He was the last Nephite to survive the annihilation with his testimony intact. After witnessing the slaughter of his people, including his father, wife, and children, he was left to wander for years, maybe even decades.
Not just to wander, but to cart along with him and be responsible for his people’s most sacred treasure — the Gold Plates, Brass Plates, Sword of Laban, Liahona, and others.
While bereft of family, and friends, he did have one thing in abundance – time.
At first, Moroni was unsure if time was on his side. He assumed his own capture and death were eminent. Once he got away from the borders of the warring Lamanites he knew that time would be his constant companion.

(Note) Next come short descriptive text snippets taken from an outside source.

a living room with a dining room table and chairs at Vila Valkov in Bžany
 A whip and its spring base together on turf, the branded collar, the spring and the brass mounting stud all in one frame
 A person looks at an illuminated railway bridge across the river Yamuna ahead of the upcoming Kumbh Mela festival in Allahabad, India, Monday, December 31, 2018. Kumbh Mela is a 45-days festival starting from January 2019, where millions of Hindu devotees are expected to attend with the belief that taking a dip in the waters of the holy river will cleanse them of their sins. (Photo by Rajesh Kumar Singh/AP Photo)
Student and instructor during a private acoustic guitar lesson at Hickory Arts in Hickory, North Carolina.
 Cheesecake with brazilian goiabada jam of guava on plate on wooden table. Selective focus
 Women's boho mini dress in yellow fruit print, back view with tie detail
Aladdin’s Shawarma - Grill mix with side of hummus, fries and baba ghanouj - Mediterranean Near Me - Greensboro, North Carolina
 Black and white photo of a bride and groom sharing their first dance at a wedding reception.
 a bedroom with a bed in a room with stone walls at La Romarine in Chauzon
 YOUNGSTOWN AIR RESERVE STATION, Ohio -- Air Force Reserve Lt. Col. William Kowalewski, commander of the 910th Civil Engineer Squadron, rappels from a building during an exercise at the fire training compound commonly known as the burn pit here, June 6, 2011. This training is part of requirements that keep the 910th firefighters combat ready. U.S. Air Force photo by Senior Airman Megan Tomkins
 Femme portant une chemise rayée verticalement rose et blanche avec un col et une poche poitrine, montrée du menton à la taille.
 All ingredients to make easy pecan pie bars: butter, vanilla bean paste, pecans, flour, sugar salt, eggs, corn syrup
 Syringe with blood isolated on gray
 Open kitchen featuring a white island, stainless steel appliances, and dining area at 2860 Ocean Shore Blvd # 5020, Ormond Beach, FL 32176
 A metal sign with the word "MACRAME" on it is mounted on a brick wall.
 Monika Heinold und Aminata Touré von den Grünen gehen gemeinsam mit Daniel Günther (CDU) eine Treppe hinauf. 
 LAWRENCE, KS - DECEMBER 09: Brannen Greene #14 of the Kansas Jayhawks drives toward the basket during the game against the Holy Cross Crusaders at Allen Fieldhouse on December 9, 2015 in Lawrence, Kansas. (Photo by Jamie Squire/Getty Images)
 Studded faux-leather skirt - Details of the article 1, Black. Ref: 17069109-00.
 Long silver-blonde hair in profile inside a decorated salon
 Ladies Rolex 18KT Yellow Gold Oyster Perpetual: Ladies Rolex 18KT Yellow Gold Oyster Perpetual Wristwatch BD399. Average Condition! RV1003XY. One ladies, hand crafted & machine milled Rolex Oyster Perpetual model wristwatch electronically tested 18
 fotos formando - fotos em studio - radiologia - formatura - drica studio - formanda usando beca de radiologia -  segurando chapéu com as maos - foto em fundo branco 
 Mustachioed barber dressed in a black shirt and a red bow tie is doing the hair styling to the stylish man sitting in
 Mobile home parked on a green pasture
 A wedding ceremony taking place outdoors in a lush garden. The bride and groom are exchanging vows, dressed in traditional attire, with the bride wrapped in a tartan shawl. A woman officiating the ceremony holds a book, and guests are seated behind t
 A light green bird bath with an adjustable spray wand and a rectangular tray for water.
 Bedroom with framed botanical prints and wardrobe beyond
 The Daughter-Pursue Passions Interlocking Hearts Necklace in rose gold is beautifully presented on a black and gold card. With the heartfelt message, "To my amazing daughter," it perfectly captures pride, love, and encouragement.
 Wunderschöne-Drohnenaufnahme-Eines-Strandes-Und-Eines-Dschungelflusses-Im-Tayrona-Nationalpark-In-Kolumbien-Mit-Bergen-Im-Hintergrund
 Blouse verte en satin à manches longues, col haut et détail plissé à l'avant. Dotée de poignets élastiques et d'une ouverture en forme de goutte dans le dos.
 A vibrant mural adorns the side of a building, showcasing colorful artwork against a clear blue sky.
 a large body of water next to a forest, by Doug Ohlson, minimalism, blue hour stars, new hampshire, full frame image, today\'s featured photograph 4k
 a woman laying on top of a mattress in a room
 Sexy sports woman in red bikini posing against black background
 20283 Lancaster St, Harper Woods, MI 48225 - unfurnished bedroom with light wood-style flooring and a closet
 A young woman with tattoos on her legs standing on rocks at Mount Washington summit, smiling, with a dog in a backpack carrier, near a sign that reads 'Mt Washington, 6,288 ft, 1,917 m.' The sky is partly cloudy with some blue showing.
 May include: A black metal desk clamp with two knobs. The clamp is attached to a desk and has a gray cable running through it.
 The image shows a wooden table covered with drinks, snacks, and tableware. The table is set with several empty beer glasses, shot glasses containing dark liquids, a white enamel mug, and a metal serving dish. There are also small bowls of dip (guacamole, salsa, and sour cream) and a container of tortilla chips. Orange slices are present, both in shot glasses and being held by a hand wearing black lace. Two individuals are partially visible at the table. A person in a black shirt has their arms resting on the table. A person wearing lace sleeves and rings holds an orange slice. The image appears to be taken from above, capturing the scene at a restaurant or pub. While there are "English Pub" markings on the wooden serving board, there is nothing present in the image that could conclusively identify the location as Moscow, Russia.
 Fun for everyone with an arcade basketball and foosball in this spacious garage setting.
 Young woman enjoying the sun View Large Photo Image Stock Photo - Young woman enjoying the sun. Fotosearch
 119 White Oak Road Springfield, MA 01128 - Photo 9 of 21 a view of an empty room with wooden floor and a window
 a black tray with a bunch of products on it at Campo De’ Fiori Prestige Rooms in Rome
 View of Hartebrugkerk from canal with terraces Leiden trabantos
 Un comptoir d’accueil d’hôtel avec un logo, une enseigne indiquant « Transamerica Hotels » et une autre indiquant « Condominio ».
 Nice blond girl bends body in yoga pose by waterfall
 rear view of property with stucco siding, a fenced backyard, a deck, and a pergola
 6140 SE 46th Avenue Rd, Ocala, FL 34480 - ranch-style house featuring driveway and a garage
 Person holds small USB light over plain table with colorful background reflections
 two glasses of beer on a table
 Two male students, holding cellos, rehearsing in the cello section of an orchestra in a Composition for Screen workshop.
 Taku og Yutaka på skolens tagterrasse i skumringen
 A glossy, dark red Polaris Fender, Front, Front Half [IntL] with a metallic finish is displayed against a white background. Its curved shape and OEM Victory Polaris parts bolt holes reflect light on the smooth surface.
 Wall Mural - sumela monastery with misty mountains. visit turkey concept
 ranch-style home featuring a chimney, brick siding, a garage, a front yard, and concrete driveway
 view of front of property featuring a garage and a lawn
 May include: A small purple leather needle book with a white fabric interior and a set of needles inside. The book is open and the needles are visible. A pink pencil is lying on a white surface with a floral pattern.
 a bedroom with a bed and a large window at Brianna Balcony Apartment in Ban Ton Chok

I get the sense that Moroni reached the nadir of despair towards the end of the Jaredite record. Their tale of total annihilation opened still raw and deep wounds in Moroni. The similarities were obvious.
Here was a once great and richly blessed people who threw it all away for pride, selfishness, and greed.
As a result, in Ether 12 we see Moroni having what I consider to be of his crisis of faith.
This chapter starts with Moroni introducing us to the prophet Ether. Again, the similarities are palpable.
Like Moroni, Ether’s prophetic reign was one of utter futility.
Like Moroni, Ether was the last to survive his people’s annihilation still clinging to testimony.
Like Moroni, Ether wrote the final words of his fallen people.
In the middle of Chapter 12, Moroni writes one of the greatest discourse on faith in all of holy writ. He beings his lecture on faith with this familiar passage:
I would show unto the world that faith is things which are hoped for and not seen; wherefore, dispute not because ye see not, for ye receive no witness until after the trial of your faith.
Trial of your faith – that was something Moroni understood.
Yet right after his classic treaties on faith, we see the depths of Moroni’s own faith crisis. After years of wandering and pondering, those familiar feelings of futility once again overwhelm our lonely prophet. He begins to doubt if is lifelong effort has any true and lasting value.
In his anguish, he cries out:
… Lord, the Gentiles will mock at these things, because of our weakness in writing…
You can almost feel Moroni’s pain.
Was it all worth it?
Everything he touched seemed to fail.
Fools mock, but they shall mourn; and my grace is sufficient for the meek, that they shall take no advantage of your weakness…
I continue to find comfort in the raw emotions of the Book of Mormon prophets.
They struggled with the same concepts with which we struggle.
They triumphed just as you and I will.